# [Assignment]
Lines of the data that contain the word "Download" are the ones to copy.

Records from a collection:
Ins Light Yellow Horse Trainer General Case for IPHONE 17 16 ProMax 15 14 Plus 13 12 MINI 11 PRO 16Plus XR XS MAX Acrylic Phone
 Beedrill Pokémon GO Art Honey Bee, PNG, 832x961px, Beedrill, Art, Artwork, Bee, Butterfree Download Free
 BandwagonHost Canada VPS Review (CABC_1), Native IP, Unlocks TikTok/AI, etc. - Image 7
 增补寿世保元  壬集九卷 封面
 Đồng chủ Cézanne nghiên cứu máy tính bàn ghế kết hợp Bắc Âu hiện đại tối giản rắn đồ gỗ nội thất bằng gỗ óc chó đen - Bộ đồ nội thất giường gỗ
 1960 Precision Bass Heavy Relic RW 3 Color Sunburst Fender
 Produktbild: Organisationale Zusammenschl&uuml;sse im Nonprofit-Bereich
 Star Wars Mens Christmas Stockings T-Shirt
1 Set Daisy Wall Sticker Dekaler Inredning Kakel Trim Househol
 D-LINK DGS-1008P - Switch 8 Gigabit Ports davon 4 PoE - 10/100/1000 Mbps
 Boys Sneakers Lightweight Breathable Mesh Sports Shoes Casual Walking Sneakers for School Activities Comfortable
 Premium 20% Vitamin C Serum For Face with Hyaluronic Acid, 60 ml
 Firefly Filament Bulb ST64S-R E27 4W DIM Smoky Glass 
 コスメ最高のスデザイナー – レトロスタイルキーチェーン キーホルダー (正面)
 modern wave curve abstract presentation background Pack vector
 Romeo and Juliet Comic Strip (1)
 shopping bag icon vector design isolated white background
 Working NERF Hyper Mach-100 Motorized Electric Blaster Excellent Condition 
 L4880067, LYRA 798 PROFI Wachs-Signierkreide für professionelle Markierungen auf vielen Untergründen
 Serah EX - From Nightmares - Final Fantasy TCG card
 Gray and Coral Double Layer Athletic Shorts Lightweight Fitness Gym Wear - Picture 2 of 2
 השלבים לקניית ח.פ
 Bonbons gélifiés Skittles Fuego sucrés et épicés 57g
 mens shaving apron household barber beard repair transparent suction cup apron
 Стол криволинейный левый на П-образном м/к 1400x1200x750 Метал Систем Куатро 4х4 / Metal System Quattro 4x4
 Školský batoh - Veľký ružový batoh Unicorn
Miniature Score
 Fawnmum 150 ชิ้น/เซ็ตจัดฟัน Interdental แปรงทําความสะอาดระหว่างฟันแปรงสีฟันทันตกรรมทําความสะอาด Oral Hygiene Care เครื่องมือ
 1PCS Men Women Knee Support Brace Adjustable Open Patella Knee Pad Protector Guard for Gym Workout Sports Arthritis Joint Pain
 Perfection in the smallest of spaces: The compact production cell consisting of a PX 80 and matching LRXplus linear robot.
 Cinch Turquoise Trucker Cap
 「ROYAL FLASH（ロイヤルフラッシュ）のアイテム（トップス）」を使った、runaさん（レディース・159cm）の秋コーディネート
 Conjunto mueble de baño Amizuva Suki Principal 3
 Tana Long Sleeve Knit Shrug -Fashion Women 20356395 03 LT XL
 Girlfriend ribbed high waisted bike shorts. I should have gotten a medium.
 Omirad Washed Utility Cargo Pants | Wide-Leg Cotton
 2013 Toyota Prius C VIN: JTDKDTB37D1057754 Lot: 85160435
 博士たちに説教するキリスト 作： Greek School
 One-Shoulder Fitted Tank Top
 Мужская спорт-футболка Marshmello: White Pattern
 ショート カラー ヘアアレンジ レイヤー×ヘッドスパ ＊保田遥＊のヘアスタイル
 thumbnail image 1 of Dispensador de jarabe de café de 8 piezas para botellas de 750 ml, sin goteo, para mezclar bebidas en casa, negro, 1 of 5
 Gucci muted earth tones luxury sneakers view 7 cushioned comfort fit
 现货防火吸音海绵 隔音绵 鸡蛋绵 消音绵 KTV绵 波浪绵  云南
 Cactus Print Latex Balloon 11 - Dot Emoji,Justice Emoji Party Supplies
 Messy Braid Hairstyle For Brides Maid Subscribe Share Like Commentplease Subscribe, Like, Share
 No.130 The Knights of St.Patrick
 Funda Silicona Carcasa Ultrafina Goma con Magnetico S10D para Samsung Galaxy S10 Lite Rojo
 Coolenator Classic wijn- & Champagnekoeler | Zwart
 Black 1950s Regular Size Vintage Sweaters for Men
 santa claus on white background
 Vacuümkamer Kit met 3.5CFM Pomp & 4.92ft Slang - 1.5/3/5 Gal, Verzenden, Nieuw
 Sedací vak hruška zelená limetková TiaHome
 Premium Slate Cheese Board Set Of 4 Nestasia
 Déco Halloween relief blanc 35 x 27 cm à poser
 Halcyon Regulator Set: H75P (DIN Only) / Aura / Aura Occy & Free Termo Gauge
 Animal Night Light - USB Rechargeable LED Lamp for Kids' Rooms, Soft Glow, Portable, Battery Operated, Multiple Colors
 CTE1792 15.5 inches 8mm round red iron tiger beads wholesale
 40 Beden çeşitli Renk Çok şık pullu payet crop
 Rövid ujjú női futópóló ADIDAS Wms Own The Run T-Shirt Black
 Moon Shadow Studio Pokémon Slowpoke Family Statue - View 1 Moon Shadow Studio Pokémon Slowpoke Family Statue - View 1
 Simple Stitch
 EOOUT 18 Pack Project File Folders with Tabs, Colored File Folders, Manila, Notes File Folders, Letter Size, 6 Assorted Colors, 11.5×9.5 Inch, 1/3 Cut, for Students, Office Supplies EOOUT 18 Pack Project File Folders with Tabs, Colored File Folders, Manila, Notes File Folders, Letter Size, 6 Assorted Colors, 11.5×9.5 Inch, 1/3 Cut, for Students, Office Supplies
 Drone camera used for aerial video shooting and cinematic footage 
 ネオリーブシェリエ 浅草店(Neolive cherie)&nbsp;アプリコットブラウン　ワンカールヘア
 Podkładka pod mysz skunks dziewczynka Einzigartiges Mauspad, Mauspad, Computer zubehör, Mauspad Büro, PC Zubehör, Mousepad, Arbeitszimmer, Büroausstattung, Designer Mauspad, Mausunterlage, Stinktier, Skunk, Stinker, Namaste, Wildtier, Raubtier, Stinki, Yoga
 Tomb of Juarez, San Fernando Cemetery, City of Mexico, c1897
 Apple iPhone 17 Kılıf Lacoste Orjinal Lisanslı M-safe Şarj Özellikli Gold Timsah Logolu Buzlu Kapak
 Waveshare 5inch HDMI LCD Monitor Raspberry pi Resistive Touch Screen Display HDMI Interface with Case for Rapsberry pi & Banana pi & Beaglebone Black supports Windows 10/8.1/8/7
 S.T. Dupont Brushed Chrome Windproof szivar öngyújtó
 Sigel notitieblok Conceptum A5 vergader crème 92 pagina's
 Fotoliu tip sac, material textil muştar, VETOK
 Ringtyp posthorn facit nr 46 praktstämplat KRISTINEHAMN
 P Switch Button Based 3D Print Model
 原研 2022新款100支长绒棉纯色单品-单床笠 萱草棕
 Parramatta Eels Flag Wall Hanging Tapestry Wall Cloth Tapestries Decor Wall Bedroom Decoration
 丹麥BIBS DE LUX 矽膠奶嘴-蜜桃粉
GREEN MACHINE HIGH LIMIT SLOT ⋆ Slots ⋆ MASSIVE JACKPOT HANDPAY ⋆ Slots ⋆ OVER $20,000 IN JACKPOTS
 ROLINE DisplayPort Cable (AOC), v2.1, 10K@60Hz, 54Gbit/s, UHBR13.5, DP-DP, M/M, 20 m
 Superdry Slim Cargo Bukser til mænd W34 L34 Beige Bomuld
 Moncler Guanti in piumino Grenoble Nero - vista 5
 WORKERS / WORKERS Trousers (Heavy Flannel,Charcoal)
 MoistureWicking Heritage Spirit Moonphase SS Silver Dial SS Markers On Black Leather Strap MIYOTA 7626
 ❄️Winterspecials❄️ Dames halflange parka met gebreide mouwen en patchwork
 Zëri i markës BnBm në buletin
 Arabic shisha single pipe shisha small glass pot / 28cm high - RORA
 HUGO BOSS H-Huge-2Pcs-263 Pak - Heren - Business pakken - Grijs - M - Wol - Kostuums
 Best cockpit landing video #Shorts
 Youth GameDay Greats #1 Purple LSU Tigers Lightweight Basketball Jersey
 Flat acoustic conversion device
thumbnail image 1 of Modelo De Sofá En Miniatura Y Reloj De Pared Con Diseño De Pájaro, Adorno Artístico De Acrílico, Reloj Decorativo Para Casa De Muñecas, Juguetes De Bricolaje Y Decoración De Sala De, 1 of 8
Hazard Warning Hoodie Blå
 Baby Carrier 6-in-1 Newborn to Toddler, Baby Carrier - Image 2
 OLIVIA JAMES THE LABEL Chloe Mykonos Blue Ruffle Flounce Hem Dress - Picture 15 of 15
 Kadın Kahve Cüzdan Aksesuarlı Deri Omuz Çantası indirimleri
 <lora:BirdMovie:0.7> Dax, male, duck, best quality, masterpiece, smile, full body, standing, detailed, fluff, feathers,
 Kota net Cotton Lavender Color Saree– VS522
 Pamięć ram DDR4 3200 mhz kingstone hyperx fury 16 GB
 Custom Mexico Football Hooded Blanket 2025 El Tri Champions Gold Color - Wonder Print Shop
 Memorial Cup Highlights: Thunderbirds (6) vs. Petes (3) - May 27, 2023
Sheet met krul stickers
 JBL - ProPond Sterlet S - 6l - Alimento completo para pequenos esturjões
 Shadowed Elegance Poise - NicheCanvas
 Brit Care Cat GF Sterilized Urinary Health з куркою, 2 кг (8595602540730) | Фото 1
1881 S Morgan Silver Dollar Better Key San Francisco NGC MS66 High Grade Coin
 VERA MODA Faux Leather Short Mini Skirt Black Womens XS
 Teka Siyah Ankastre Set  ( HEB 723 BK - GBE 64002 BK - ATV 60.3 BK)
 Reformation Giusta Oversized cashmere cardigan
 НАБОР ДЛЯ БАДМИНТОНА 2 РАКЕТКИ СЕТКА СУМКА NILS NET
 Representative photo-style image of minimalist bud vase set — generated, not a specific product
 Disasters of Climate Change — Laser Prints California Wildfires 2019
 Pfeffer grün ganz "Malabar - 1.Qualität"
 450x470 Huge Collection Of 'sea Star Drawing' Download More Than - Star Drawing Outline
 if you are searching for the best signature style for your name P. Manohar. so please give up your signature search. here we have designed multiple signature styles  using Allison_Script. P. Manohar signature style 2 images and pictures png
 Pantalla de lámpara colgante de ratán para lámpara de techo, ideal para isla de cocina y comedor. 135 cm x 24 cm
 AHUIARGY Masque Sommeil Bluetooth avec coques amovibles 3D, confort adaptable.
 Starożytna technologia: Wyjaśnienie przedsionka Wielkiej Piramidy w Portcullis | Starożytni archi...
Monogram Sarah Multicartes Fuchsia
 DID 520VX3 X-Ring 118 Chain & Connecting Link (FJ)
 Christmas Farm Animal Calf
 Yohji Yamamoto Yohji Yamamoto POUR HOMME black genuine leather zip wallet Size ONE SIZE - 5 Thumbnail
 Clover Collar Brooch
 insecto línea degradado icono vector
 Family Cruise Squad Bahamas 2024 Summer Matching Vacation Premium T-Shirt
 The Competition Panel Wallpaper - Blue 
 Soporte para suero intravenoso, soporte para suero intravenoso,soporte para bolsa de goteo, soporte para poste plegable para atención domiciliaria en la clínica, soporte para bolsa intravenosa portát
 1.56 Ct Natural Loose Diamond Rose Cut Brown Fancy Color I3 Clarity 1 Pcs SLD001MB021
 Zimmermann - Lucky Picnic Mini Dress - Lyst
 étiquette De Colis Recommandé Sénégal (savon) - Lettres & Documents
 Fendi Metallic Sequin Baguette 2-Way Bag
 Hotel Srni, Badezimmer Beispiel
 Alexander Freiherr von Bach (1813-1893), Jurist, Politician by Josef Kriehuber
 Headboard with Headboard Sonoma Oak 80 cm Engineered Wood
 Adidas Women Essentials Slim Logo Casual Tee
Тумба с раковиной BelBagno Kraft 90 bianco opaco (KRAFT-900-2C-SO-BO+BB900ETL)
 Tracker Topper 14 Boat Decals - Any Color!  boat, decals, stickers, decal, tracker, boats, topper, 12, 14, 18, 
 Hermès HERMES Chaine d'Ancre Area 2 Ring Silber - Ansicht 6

# [Solution to this task]
 Beedrill Pokémon GO Art Honey Bee, PNG, 832x961px, Beedrill, Art, Artwork, Bee, Butterfree Download Free
 450x470 Huge Collection Of 'sea Star Drawing' Download More Than - Star Drawing Outline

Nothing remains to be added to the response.